2. Before applying the PicoGreen reagent, tap the slides gently and wipe the nonspotting side on clean paper towels to remove excess water from the slides, but do not let dry.

   1. If te slides are too wet, it will dilute the PicoGreen reagent.

3. For a single slide: apply 500 μl PicoGreen mix, and apply a lifterslip slowly to avoid trapping bubbles.

4. Incubate for 10 min at RT.

5. Rinse with deionized water for three times.

6. Dry with filtered compressed air- or spin-dry at 131×g for 3 min at 20°C.

7. Scan in microarray scanner at proper settings for Cy3.

   1. Should avoid saturated pixels for quantitative analysis.

4.2. Expression of proteins

• EchoTherm^™ IN35 Bench Top Chilling/Heating Incubators with Fully Programmable Controls (Torrey Pines Scientific)

• HybriWell gaskets (Grace Bio-Labs, 44904)

• TNT^® Quick Coupled Transcription/Translation Systems (Rabbit Reticulocyte Lysate) (Promega TM045)

• SuperBlock blocking solution in TBS (Pierce 37535)

• Milk blocking solution: 5% Milk in PBS with 0.2% Tween 20

• 4-well dish (NUNC, 73521–424)

• Microarray scanner

1. Block slides for ~1 h at RT with SuperBlock in a 4-well dish. Use ~4 ml per slide. Rock gently.

2. Quickly rinse with deionized water.

3. Dry with filtered compressed air or spin at 131×g for 3 min at 20 °C.

4. While blocking, take out Promega T7 Coupled Rabbit Reticulocyte Lysates from −80 °C and thaw on ice.

   1. Good expression of the NAPPA arrays depends on high quality rabbit reticulocyte lysates, which may vary from lot to lot. It is recommended to run one set of experiments with well-tested comparable lots.

5. Prepare IVTT mix. 160 μl is needed for 1 slide.

   1. 128 μl rabbit reticulocyte lysates

   2. 28.8 μl DEPC water

   3. 3.2 μl 1 mM Met

6. Apply a HybriWell gasket to each slide. Use the wooden stick to rub the areas where the adhesive is to make sure it is well stuck all around.

7. Apply IVTT mix through one of the sample application ports on the Hybriwell gasket. Pipette the mix in slowly. Gently massage the HybriWell with both hands to get the IVTT mix to spread out and cover all of the area of the array. Get rid of any bubbles in the center by tapping with the wooden stick. Apply the small round port seals to both ports.

8. Incubate for 1.5 h at 30 °C for protein expression, followed by 30 min at 15 °C for the query protein to bind to the immobilized protein.

9. Remove the HybriWell; rinse with milk blocking buffer five times in a pipette box.

10. Slides are ready for downstreaming assays and should be rinsed with an assay compatible buffer instead of milk blocking buffer.

11. Block with milk in PBST0.2 at RT for 1 h.

4.3. Detection of captured proteins

• Primary AB solution: mouse anti-GST (Cell Signaling 2624) 1:200 in milk blocking solution.

• Secondary AB solution: HRP-conjugated anti-mouse (JacksonImmunoResearch 515-035-062, 1 mg/ml) 1:400 in milk blocking solution.

• Tyramide signal amplification (TSA) stock solution: use TSA reagent (PerkinElmer SAT704B001EA). Prepare per kit directions. Keep this solution at 4 °C.

• PBST0.2: PBS with 0.2% Tween 20

• Milk blocking solution: 5% milk in PBS with 0.2% Tween 20.

• Lifterslips (VWR 100499–632).

1. Incubate with 3 ml primary antibody mouse anti-GST solution in a 4-well dish for 1 h at RT with gentle rocking.

2. Rinse with milk blocking solution for three times.

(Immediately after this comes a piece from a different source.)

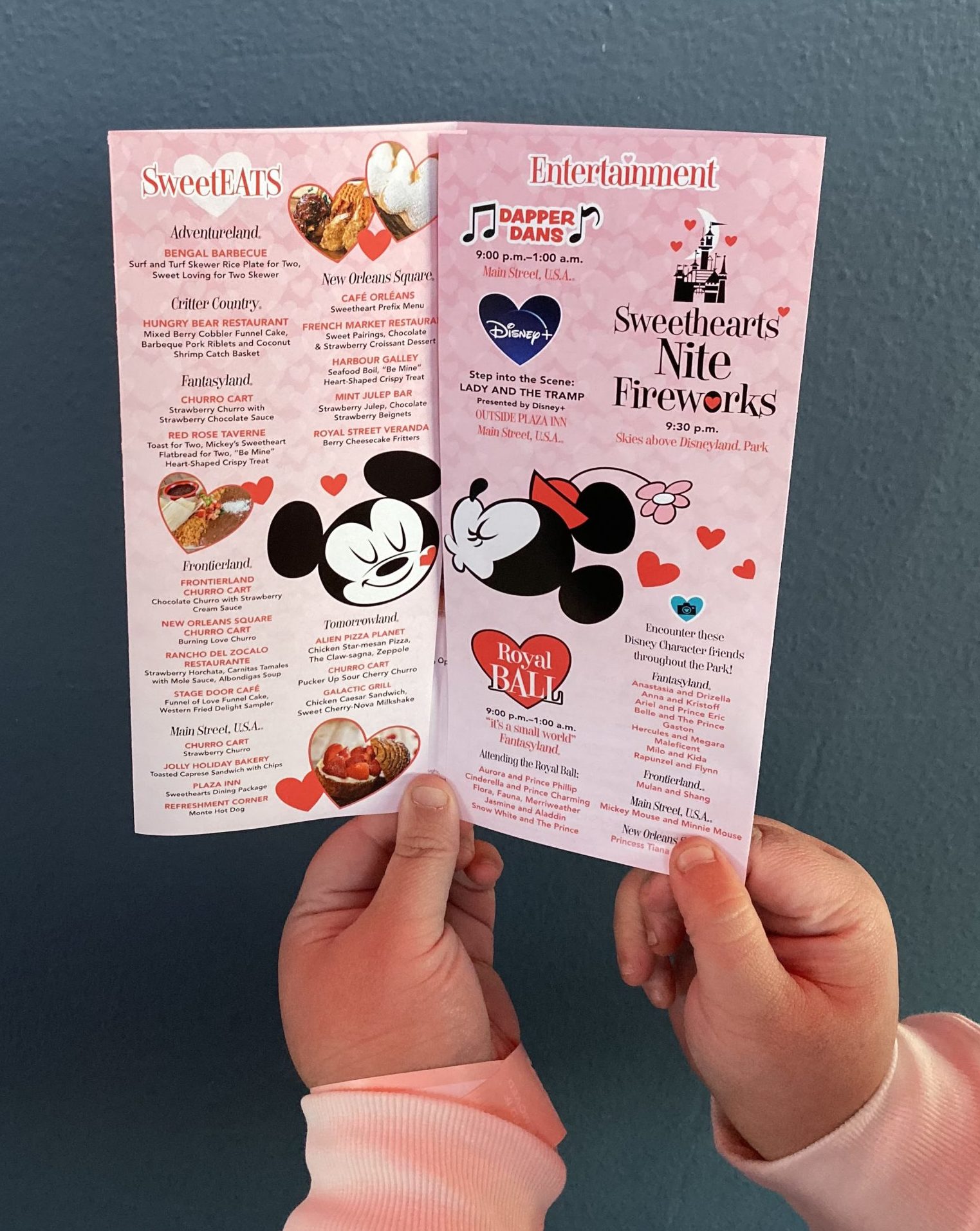 Disneyland After Dark Sweethearts Nite Map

3. Wash with milk blocking solution for 3 × 5 min.

4. Incubate with 3 ml secondary antibody HRP-labeled goat anti-mouse IgG solution in a 4-well dish for 1 h at RT with gentle rocking.

5. Rinse with PBST0.2 for three times.

6. Wash with PBST0.2 for 3 × 5 min.

   1. While washing, prepare the TSA reagent and keep in dark.

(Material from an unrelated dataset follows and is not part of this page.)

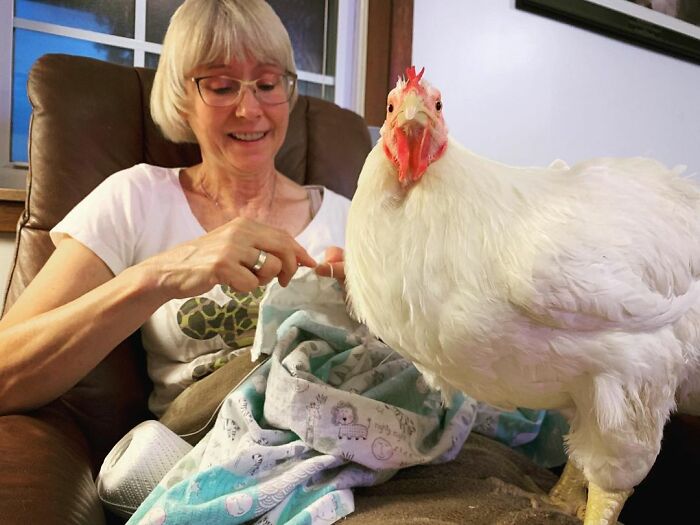 Boo Was Rescued From A Meat Factory 5 Years Ago, And His Life Shines In New Colors Ever Since Boo Was Rescued From A Meat Factory 5 Years Ago, And His Life Shines In New Colors Ever Since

7. Rinse with deionized water for three times.

8. Before applying the TSA reagent, tap the slides gently on clean paper towels to excess water from the slides, but do not let dry.

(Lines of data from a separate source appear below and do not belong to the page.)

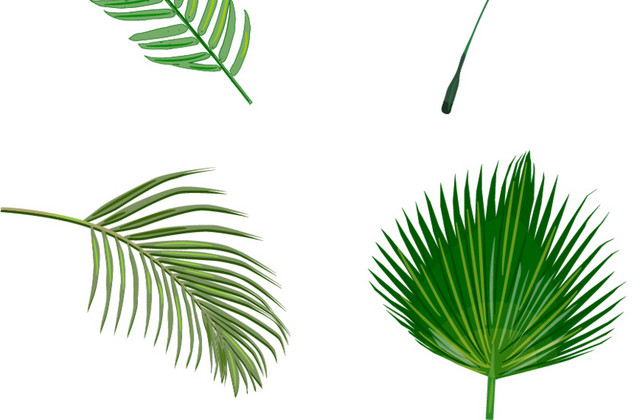 北欧风植物合集树叶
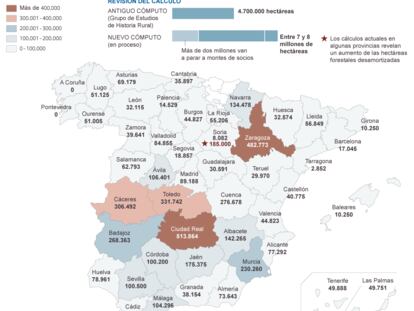 Superficie forestal desamortizada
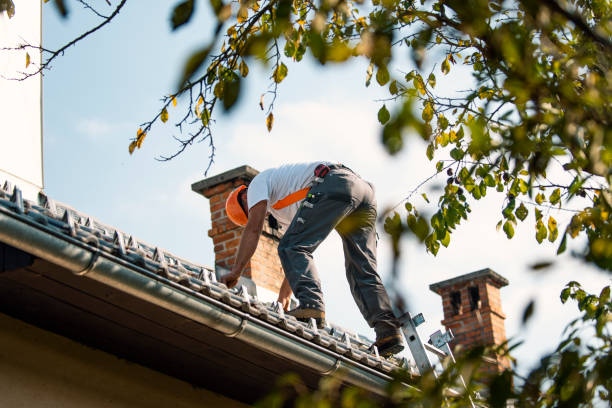 Best Roof Installation Near Me  in Maryvle, IL
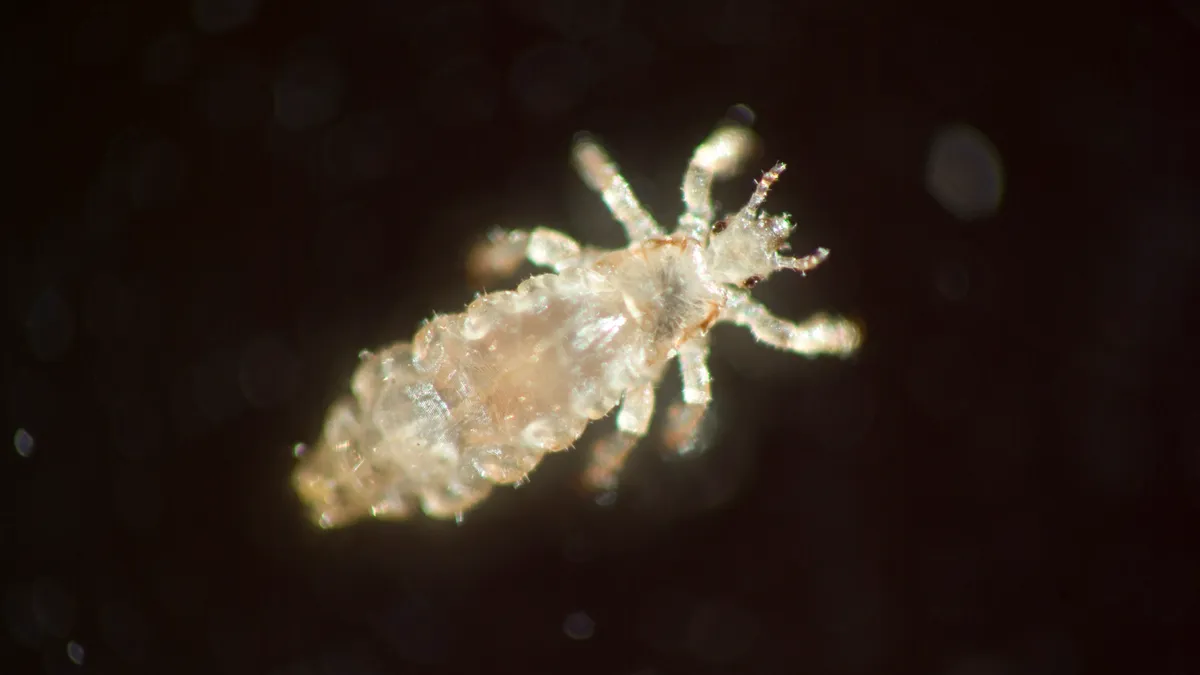 A macro photo of one live head lice against a black background.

   1. . If the slides are too wet, it will dilute the TSA reagent.

9. Apply the TSA reagent on the slide and gently cover with a lifter slip.

   1. Avoid trapping bubbles under the lifter slip.

10. Incubate for 10 min at RT.

11. Rinse in deionized water; dry with filtered compressed air- or spin-dry at 131×g for 3 min at 20 °C.

    1. Do not let slides air-dry slowly as the water marks may form on array.

12. Scan in a microarray scanner at proper settings for Cy3.

    1. Avoid saturated pixels for quantitative analysis.